## Goal of the exercise
Starting at the line below that contains "X0000113200531200909241401", print each line through the end of the records exactly as it appears.

## Given data
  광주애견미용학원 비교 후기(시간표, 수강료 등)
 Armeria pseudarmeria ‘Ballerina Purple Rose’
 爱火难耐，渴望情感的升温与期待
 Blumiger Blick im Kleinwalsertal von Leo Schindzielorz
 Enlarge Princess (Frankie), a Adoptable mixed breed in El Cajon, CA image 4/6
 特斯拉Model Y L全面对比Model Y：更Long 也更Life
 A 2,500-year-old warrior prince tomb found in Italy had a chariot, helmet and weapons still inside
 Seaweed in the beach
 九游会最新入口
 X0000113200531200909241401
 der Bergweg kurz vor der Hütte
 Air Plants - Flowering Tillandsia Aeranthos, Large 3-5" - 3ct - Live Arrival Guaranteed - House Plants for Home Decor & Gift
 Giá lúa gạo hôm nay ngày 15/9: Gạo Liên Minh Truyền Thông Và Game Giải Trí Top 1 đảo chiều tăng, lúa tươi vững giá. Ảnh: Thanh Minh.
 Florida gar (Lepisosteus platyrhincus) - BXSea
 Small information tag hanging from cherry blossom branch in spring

## Result of this task
 X0000113200531200909241401
 der Bergweg kurz vor der Hütte
 Air Plants - Flowering Tillandsia Aeranthos, Large 3-5" - 3ct - Live Arrival Guaranteed - House Plants for Home Decor & Gift
 Giá lúa gạo hôm nay ngày 15/9: Gạo Liên Minh Truyền Thông Và Game Giải Trí Top 1 đảo chiều tăng, lúa tươi vững giá. Ảnh: Thanh Minh.
 Florida gar (Lepisosteus platyrhincus) - BXSea
 Small information tag hanging from cherry blossom branch in spring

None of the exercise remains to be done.